When he bought them in 1914, from Thackeray’s daughter and granddaughter, Lady Ritchie and Hester Ritchie, of London, he paid a bargain price of $4,500, fully aware that he could sell them in America for five or six times as much. To get the best price, however, he had come to realize that he would need to present the drawings in a more appealing manner. At the moment they were pasted into the two scrapbooks, one drawing per page. He planned to have most of the drawings mounted individually and framed, but some he wanted to bind in combinations of three or four, in books with full Levant bindings. His main reason for bringing them back to England was so that Lady Ritchie could see them one more time and write a small note about each, thereby providing authentication and an extra element of interest.
He felt no guilt about paying Lady Ritchie so little for the drawings. That was the way the art business worked, especially if a seller wanted discretion, as the Ritchies did. They insisted that he keep the sale of the drawings as quiet as possible and barred him from attempting to sell them in Britain. He could offer them only in America, and even then he had to do so quietly, without advertising. Lady Ritchie was still smarting from the unexpected sequelae of a previous sale of drawings through a London dealer who had marketed them in a manner that the family found offensive and that had drawn unpleasant publicity and comment.
Lauriat’s sister and her husband inspected the drawings “with a great deal of interest and admiration,” Lauriat recalled.
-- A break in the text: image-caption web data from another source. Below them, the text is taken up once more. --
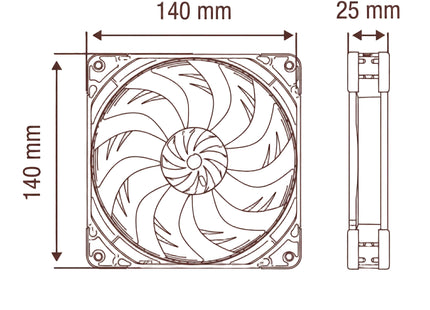 Noctua NF-A14x25 G2 PWM - Afmetingen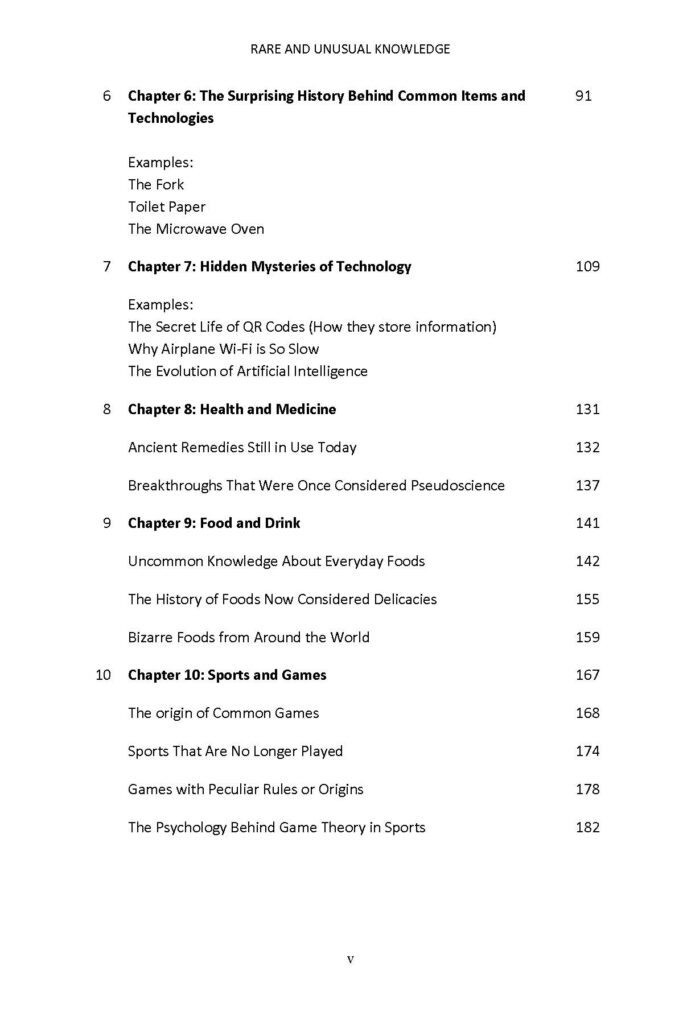 Table of contents continued with chapters six through ten and subtopics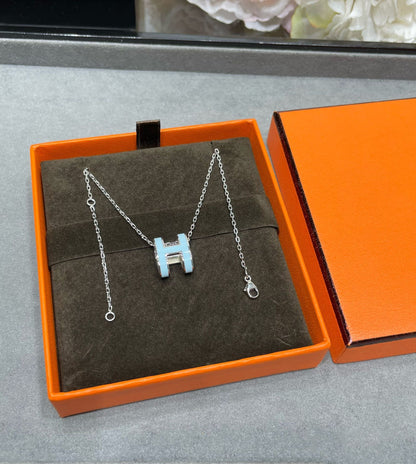 [Ornora Jewelry]POP H SKY BLUE NECKLACE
The husband, George, confessed to liking in particular a drawing entitled The Caricature of Thackeray Himself Stretched Out on a Sofa in the Old Garrick Club, and a series of six sketches “of negroes and their children” on the porch of a small house, which Thackeray had drawn while visiting the American South in the 1850s.
Afterward, Lauriat packed the book and drawings back into his extension suitcase and locked it.
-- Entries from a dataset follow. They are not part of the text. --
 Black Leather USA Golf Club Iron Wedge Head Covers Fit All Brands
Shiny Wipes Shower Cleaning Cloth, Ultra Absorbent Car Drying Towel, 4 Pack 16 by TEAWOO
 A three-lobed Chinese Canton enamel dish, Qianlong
ELSEWHERE in the city, a scheduled passenger named Alta Piper struggled through a restless night in her hotel room. She was the daughter of Leonora Piper, the famed spirit medium known universally as “Mrs. Piper,” the only medium that William James, the pioneering Harvard psychologist and sometime psychic investigator, believed to be authentic.
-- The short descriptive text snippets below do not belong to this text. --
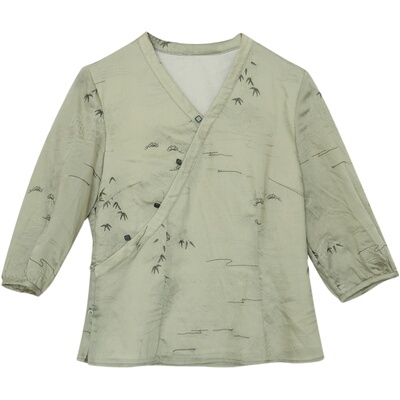 前世今生温婉中式交叠绣花衬衫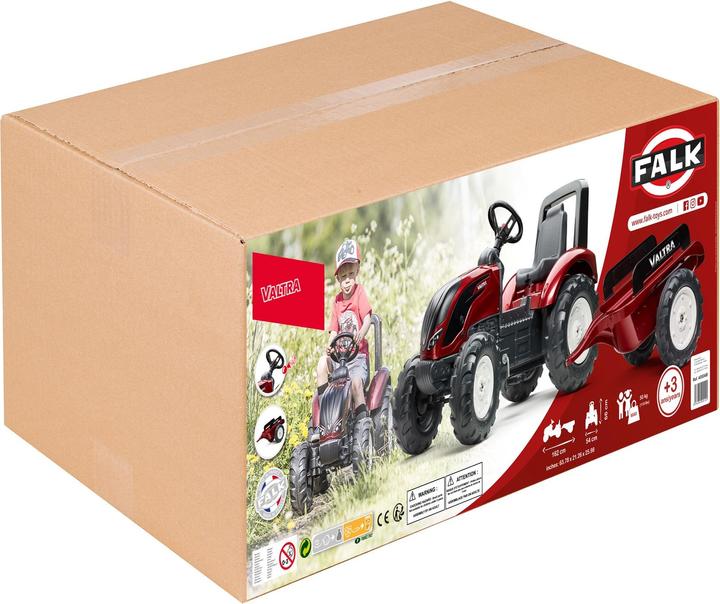Image du produit Falk Valtra S4 traptractor met aanhanger en geluid donkerrood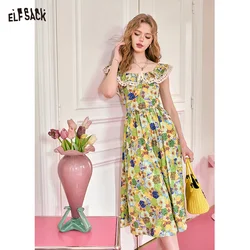 ELFSACK Retro lace patchwork floral dress for women, new summer vacation princess dress for 2024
Alta seemed to share her mother’s gift, for throughout that Friday night, as she claimed later, she heard a voice telling her, “If you get into your berth, you’ll never get out.”
ROOM 40
“THE MYSTERY”
THE DEPARTURE OF WALTHER SCHWIEGER’S U-20 WAS watched closely—from afar.
In London, two blocks from the Thames and adjacent to the parade ground of the Horse Guards, stood a five-story building with a facade of pale stone and whiskey-colored brick. Familiar to everyone in the Admiralty, the structure was known, for short, as the Old Building, or, for shorter, O.B. Far less familiar was a secret operation located along one of its corridors in a group of offices centered on Room 40. Here resided “the Mystery” or “the Holy of Holies,” its function manifest only to its staff and to a coven of nine senior officials, including First Lord Churchill and Adm. Jacky Fisher, who by April 1915 had reentered the Admiralty as First Sea Lord, Churchill’s number two. Fisher was seventy-four years old, three decades older than his chief.